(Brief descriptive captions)
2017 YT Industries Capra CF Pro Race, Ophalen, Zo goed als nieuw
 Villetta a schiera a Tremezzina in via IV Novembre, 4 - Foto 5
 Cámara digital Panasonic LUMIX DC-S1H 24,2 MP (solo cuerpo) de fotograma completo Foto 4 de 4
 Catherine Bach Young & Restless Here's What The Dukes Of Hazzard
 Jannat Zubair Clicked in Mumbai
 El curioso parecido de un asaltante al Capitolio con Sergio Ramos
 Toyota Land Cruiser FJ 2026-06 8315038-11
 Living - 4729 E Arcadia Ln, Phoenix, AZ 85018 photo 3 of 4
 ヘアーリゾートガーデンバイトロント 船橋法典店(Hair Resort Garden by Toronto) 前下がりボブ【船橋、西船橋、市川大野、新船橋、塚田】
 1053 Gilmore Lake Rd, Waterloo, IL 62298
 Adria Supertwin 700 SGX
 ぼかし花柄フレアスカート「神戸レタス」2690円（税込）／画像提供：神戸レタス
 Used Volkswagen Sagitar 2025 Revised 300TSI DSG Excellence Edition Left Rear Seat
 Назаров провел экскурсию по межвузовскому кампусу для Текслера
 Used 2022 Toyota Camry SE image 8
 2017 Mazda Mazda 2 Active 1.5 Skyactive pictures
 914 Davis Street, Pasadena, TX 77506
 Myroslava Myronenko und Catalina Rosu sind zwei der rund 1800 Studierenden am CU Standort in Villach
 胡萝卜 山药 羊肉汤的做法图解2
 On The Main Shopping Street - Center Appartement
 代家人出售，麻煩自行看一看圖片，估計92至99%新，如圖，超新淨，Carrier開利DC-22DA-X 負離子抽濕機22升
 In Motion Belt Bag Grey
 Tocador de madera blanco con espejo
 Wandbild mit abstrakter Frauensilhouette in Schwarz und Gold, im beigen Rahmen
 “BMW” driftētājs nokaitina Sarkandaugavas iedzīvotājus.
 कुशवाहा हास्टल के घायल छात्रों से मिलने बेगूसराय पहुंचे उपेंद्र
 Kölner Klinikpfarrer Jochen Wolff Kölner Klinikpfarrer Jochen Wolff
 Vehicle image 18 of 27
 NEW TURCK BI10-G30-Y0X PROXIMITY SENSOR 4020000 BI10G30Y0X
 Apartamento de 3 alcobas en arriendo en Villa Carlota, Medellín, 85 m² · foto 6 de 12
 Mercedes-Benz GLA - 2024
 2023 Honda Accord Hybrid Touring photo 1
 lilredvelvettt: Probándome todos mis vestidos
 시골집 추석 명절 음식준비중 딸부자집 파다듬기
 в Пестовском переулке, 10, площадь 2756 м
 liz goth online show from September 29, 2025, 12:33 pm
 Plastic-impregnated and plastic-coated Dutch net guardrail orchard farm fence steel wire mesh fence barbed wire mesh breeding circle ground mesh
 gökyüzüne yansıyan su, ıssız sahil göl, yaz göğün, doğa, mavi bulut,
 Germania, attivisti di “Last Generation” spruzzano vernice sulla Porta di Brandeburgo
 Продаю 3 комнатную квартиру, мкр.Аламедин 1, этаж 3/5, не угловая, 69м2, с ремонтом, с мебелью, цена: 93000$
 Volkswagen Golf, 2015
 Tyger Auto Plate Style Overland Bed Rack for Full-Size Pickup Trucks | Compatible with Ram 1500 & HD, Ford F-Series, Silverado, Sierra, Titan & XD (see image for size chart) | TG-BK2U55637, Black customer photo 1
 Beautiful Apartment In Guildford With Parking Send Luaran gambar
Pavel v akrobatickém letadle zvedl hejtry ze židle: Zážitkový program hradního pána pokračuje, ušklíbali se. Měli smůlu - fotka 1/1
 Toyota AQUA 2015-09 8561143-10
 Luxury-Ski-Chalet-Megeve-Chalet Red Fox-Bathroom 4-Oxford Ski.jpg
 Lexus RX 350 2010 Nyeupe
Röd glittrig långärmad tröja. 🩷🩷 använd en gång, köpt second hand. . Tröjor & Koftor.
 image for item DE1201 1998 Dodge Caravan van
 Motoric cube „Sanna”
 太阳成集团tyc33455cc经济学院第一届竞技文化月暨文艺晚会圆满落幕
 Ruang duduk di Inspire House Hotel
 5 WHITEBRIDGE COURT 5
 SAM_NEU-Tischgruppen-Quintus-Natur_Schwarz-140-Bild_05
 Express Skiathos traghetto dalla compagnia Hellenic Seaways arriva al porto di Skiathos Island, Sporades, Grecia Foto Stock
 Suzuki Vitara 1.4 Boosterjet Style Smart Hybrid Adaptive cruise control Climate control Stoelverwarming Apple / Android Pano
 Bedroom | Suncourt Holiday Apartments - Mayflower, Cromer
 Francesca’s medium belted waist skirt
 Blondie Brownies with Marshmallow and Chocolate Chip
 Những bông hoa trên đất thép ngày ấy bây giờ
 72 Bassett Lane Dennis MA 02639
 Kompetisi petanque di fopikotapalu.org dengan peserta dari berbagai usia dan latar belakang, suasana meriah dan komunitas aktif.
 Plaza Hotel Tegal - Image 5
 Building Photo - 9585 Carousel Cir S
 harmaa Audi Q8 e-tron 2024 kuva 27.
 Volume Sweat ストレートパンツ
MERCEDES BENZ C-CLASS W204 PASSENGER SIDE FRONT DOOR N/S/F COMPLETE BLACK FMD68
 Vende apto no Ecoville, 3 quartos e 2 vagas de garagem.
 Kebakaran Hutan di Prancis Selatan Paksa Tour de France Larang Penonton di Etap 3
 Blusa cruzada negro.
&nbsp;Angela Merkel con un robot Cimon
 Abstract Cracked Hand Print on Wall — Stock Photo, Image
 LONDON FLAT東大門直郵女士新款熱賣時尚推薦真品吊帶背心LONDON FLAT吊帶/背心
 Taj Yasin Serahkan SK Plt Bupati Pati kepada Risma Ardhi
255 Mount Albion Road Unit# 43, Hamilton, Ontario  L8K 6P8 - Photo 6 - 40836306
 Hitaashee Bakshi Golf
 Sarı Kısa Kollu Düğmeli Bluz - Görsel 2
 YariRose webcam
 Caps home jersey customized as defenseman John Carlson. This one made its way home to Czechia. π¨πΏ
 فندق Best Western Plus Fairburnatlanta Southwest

> Problem requirements
Repeat each entry above exactly as shown.

> Task output
2017 YT Industries Capra CF Pro Race, Ophalen, Zo goed als nieuw
 Villetta a schiera a Tremezzina in via IV Novembre, 4 - Foto 5
 Cámara digital Panasonic LUMIX DC-S1H 24,2 MP (solo cuerpo) de fotograma completo Foto 4 de 4
 Catherine Bach Young & Restless Here's What The Dukes Of Hazzard
 Jannat Zubair Clicked in Mumbai
 El curioso parecido de un asaltante al Capitolio con Sergio Ramos
 Toyota Land Cruiser FJ 2026-06 8315038-11
 Living - 4729 E Arcadia Ln, Phoenix, AZ 85018 photo 3 of 4
 ヘアーリゾートガーデンバイトロント 船橋法典店(Hair Resort Garden by Toronto) 前下がりボブ【船橋、西船橋、市川大野、新船橋、塚田】
 1053 Gilmore Lake Rd, Waterloo, IL 62298
 Adria Supertwin 700 SGX
 ぼかし花柄フレアスカート「神戸レタス」2690円（税込）／画像提供：神戸レタス
 Used Volkswagen Sagitar 2025 Revised 300TSI DSG Excellence Edition Left Rear Seat
 Назаров провел экскурсию по межвузовскому кампусу для Текслера
 Used 2022 Toyota Camry SE image 8
 2017 Mazda Mazda 2 Active 1.5 Skyactive pictures
 914 Davis Street, Pasadena, TX 77506
 Myroslava Myronenko und Catalina Rosu sind zwei der rund 1800 Studierenden am CU Standort in Villach
 胡萝卜 山药 羊肉汤的做法图解2
 On The Main Shopping Street - Center Appartement
 代家人出售，麻煩自行看一看圖片，估計92至99%新，如圖，超新淨，Carrier開利DC-22DA-X 負離子抽濕機22升
 In Motion Belt Bag Grey
 Tocador de madera blanco con espejo
 Wandbild mit abstrakter Frauensilhouette in Schwarz und Gold, im beigen Rahmen
 “BMW” driftētājs nokaitina Sarkandaugavas iedzīvotājus.
 कुशवाहा हास्टल के घायल छात्रों से मिलने बेगूसराय पहुंचे उपेंद्र
 Kölner Klinikpfarrer Jochen Wolff Kölner Klinikpfarrer Jochen Wolff
 Vehicle image 18 of 27
 NEW TURCK BI10-G30-Y0X PROXIMITY SENSOR 4020000 BI10G30Y0X
 Apartamento de 3 alcobas en arriendo en Villa Carlota, Medellín, 85 m² · foto 6 de 12
 Mercedes-Benz GLA - 2024
 2023 Honda Accord Hybrid Touring photo 1
 lilredvelvettt: Probándome todos mis vestidos
 시골집 추석 명절 음식준비중 딸부자집 파다듬기
 в Пестовском переулке, 10, площадь 2756 м
 liz goth online show from September 29, 2025, 12:33 pm
 Plastic-impregnated and plastic-coated Dutch net guardrail orchard farm fence steel wire mesh fence barbed wire mesh breeding circle ground mesh
 gökyüzüne yansıyan su, ıssız sahil göl, yaz göğün, doğa, mavi bulut,
 Germania, attivisti di “Last Generation” spruzzano vernice sulla Porta di Brandeburgo
 Продаю 3 комнатную квартиру, мкр.Аламедин 1, этаж 3/5, не угловая, 69м2, с ремонтом, с мебелью, цена: 93000$
 Volkswagen Golf, 2015
 Tyger Auto Plate Style Overland Bed Rack for Full-Size Pickup Trucks | Compatible with Ram 1500 & HD, Ford F-Series, Silverado, Sierra, Titan & XD (see image for size chart) | TG-BK2U55637, Black customer photo 1
 Beautiful Apartment In Guildford With Parking Send Luaran gambar
Pavel v akrobatickém letadle zvedl hejtry ze židle: Zážitkový program hradního pána pokračuje, ušklíbali se. Měli smůlu - fotka 1/1
 Toyota AQUA 2015-09 8561143-10
 Luxury-Ski-Chalet-Megeve-Chalet Red Fox-Bathroom 4-Oxford Ski.jpg
 Lexus RX 350 2010 Nyeupe
Röd glittrig långärmad tröja. 🩷🩷 använd en gång, köpt second hand. . Tröjor & Koftor.
 image for item DE1201 1998 Dodge Caravan van
 Motoric cube „Sanna”
 太阳成集团tyc33455cc经济学院第一届竞技文化月暨文艺晚会圆满落幕
 Ruang duduk di Inspire House Hotel
 5 WHITEBRIDGE COURT 5
 SAM_NEU-Tischgruppen-Quintus-Natur_Schwarz-140-Bild_05
 Express Skiathos traghetto dalla compagnia Hellenic Seaways arriva al porto di Skiathos Island, Sporades, Grecia Foto Stock
 Suzuki Vitara 1.4 Boosterjet Style Smart Hybrid Adaptive cruise control Climate control Stoelverwarming Apple / Android Pano
 Bedroom | Suncourt Holiday Apartments - Mayflower, Cromer
 Francesca’s medium belted waist skirt
 Blondie Brownies with Marshmallow and Chocolate Chip
 Những bông hoa trên đất thép ngày ấy bây giờ
 72 Bassett Lane Dennis MA 02639
 Kompetisi petanque di fopikotapalu.org dengan peserta dari berbagai usia dan latar belakang, suasana meriah dan komunitas aktif.
 Plaza Hotel Tegal - Image 5
 Building Photo - 9585 Carousel Cir S
 harmaa Audi Q8 e-tron 2024 kuva 27.
 Volume Sweat ストレートパンツ
MERCEDES BENZ C-CLASS W204 PASSENGER SIDE FRONT DOOR N/S/F COMPLETE BLACK FMD68
 Vende apto no Ecoville, 3 quartos e 2 vagas de garagem.
 Kebakaran Hutan di Prancis Selatan Paksa Tour de France Larang Penonton di Etap 3
 Blusa cruzada negro.
&nbsp;Angela Merkel con un robot Cimon
 Abstract Cracked Hand Print on Wall — Stock Photo, Image
 LONDON FLAT東大門直郵女士新款熱賣時尚推薦真品吊帶背心LONDON FLAT吊帶/背心
 Taj Yasin Serahkan SK Plt Bupati Pati kepada Risma Ardhi
255 Mount Albion Road Unit# 43, Hamilton, Ontario  L8K 6P8 - Photo 6 - 40836306
 Hitaashee Bakshi Golf
 Sarı Kısa Kollu Düğmeli Bluz - Görsel 2
 YariRose webcam
 Caps home jersey customized as defenseman John Carlson. This one made its way home to Czechia. π¨πΏ
 فندق Best Western Plus Fairburnatlanta Southwest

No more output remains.